TASK ITEM — A faithful copy of the data is the goal; set it down exactly, without the images.

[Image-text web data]
◆ ◆ ◆
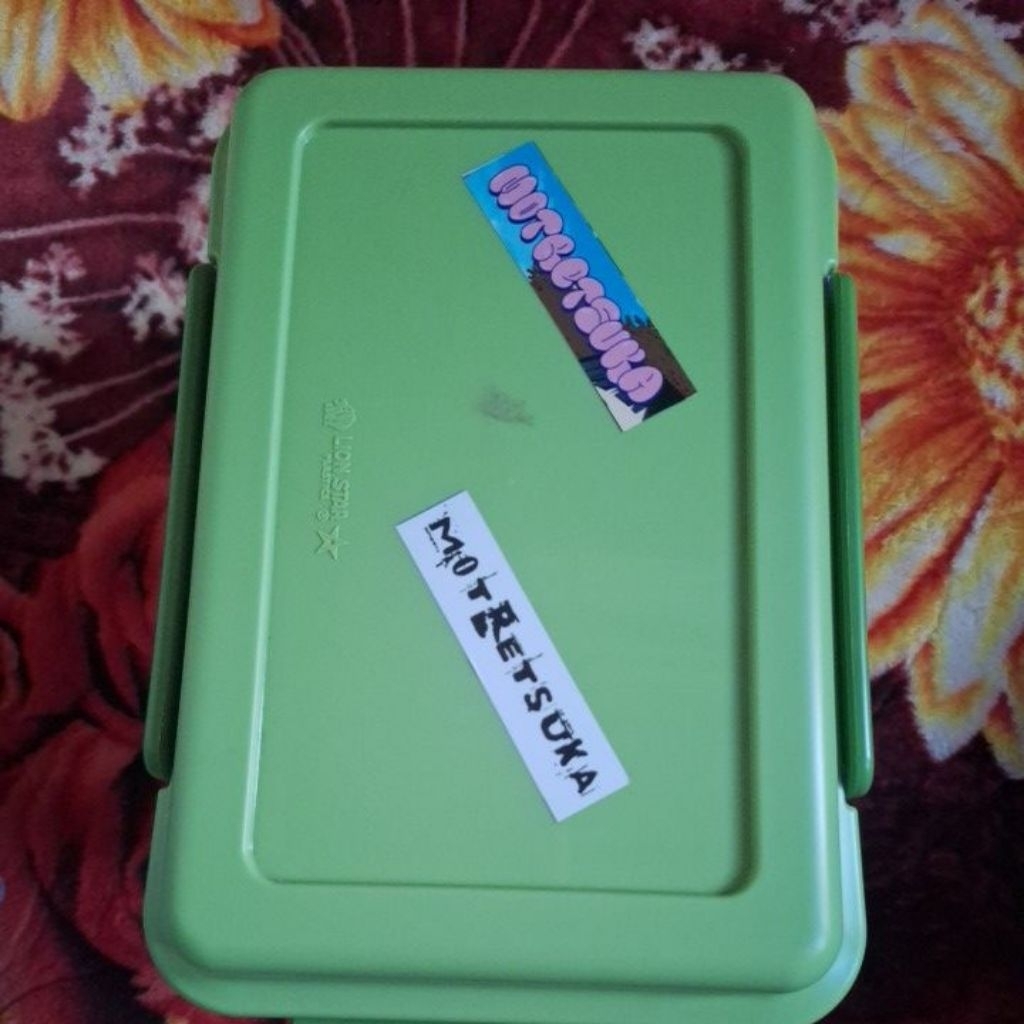Dry Box kamera Bresson SMALL Free Slip Mat | Camera DryBox untuk Kamera (Second)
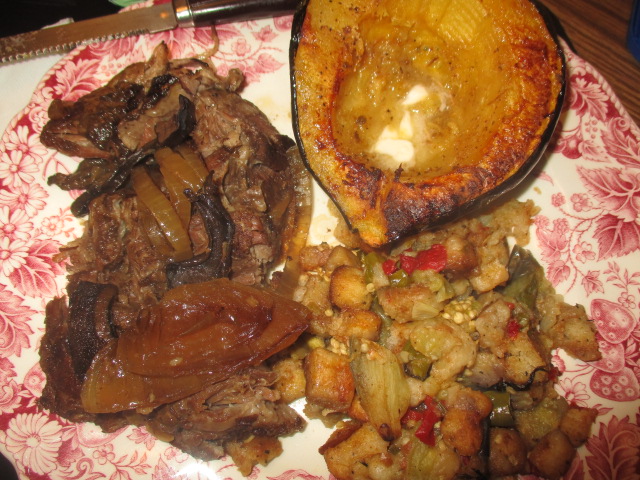 Pot roast, plated.JPG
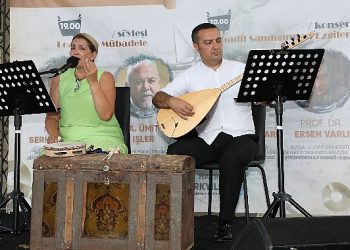 Lozan’ın 100. yılı Mudanya’da kutlandı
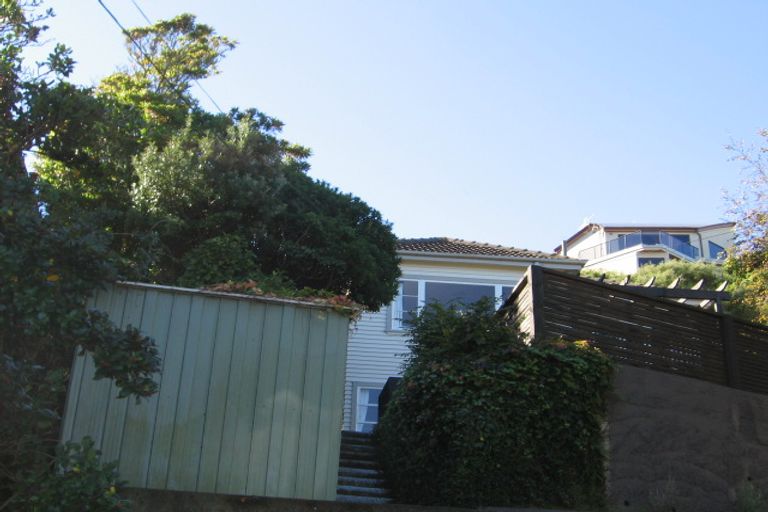 Photo of property in 35 Rangoon Street, Khandallah, Wellington, 6035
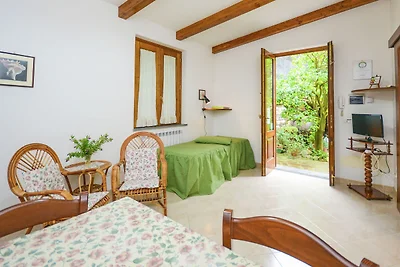 Villa con sauna a Sorrento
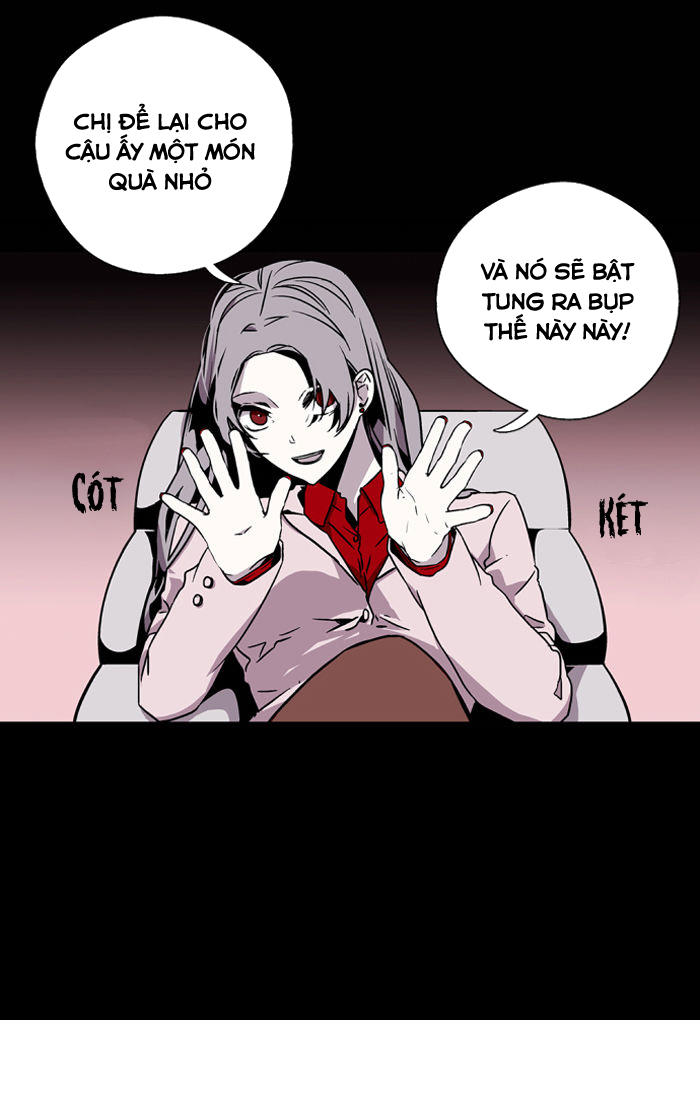 Nano List - Chương 4 - Trang 28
◆ ◆ ◆
RESPONSE TO THIS TASK —
Dry Box kamera Bresson SMALL Free Slip Mat | Camera DryBox untuk Kamera (Second)
 Pot roast, plated.JPG
 Lozan’ın 100. yılı Mudanya’da kutlandı
 Photo of property in 35 Rangoon Street, Khandallah, Wellington, 6035
 Villa con sauna a Sorrento
 Nano List - Chương 4 - Trang 28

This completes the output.